Print Reviews
Dreaming of Gwen Stefani

Dreaming of Gwen Stefani

by Evan Mandery

Ig Publishing

Dreaming of Gwen Stefani

What is in a name? Well, Mortimer Taylor Coleridge, Professor Fillmore Skinny, and Bertrand Fuddle suggest oddly mannered eccentrics contrived to knee-jerk the reader into a fantastical parallel world where it’s all evolutionary biology, hot dogs and Gwen Stefani. These are the characters who populate Evan Mandery’s first novel, Dreaming of Gwen Stefani.

Once a promising science student at Columbia University, Mortimer’s reality is shaken by a cruelly nihilistic professor named Fillmore Skinny and he drops out of school to employ OCD-evotion and mathematical precision to his job at a hot dog store. Mandery sums up Mortimer’s attitude about his chosen profession in this way:

Mortimer did not like the term wiener; it had a derogatory connotation, and he did not think of what he did as slinging. He considered himself to be an artist. Anyone who watched him could see this. Like a great ballerina, he performed with grace and efficiency. He wasted no effort.
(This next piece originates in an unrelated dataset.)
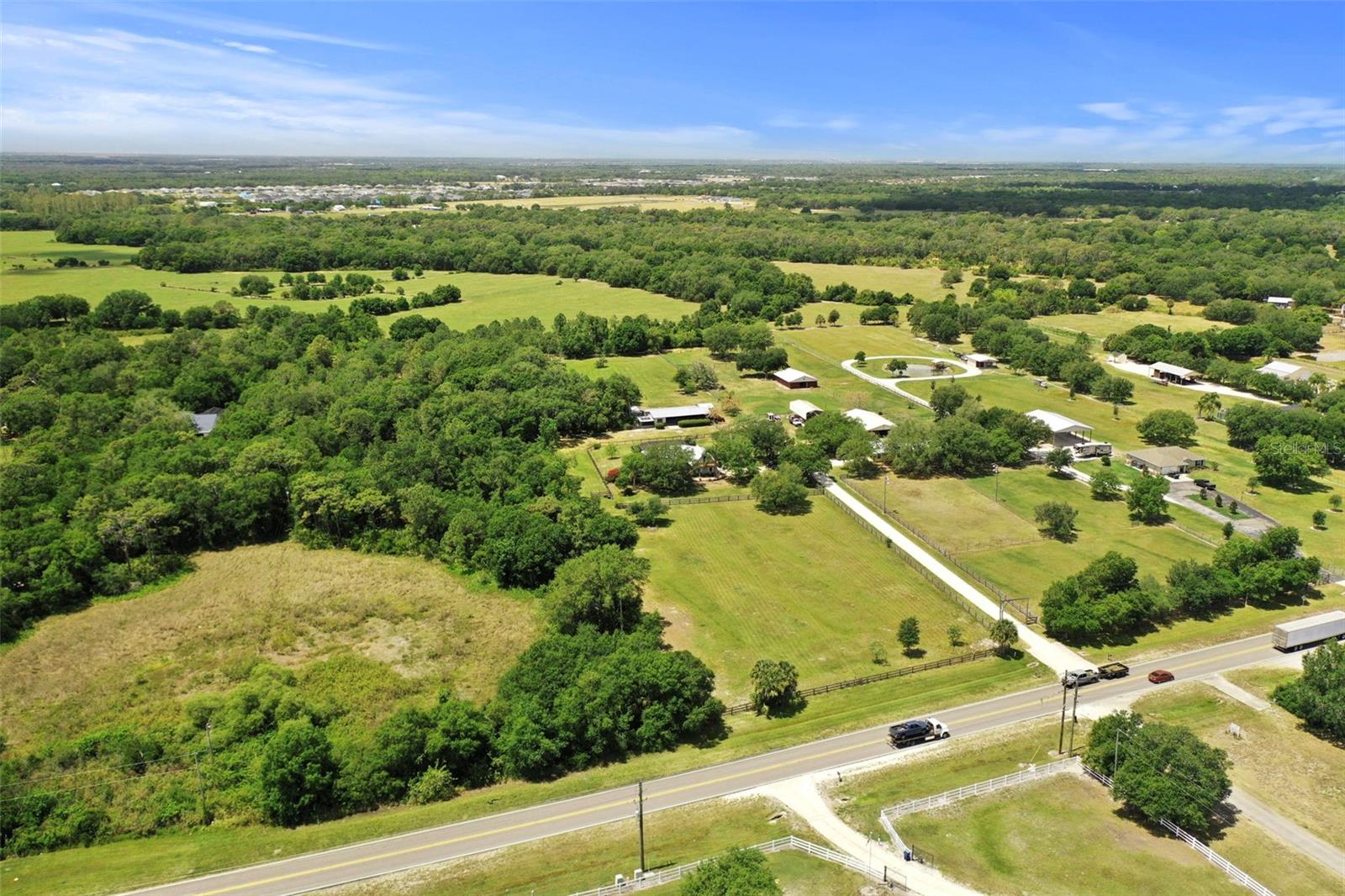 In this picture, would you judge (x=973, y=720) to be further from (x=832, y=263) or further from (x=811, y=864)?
(x=832, y=263)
Characters like this are cartoons, not people, and they can be hard to stomach if the author doesn’t treat them with some real sensitivity. Mandery doesn’t really have time. By using simple prose and winding up the tale in 187 pages, Mortimer’s neuroses get no space to be embraced, rejected, or properly considered. With pages – and in some cases entire chapters – devoted to the origins of the frankfurter, how Gwen Stefani’s group, No Doubt, came into being, and the development of the compact disc, you start to get the feeling Mandery is as disinterested in his characters as the reader is. Most of the characters here are just caricatures. Mortimer’s boss is Bertrand Fuddle (I dare you to find one in the phone book) who is (surprise!) the sullen company man armed with an unusual catchphrase, “This is better.” Mortimer’s girlfriend, Violet, is a borderline masochist who, for reasons we never understand, caters to his every whim. Mandery ignores the lives of the millions of charismatic characters in New York and puts us in the head of this prickly protagonist, hoping that time will endear him to us. Well, it kind of does. In the second act, the book moves toward Mortimer’s inevitable meeting with Stefani. When this moment arrives, it is all of Mortimer’s fastidious preparations, calculations, and obsessions that will have readers holding their breath awaiting the outcome. Finally, the wooden boy becomes real. It is a sleight of hand for which Mandery deserves credit.

In the end, Mortimer’s contrived quirks, tangents, and eccentricities incriminate us all. In our world that uses freedom of choice to drive consumerism and presents celebrity deification as a manual on self-improvement, we may all carry a bit of Mortimer’s social distortions.

To tell you if he gets the girl would ruin it, even though you already know Gwen Stefani’s married to Gavin Rossdale and none of this story is real. It is this very questioning of reality and the powers of choice – to believe in truth, fiction, or even choice itself – that Mandery presents, and it is this question that finally turns Mortimer Taylor Coleridge into the Everyman the novel so desperately wants him to be.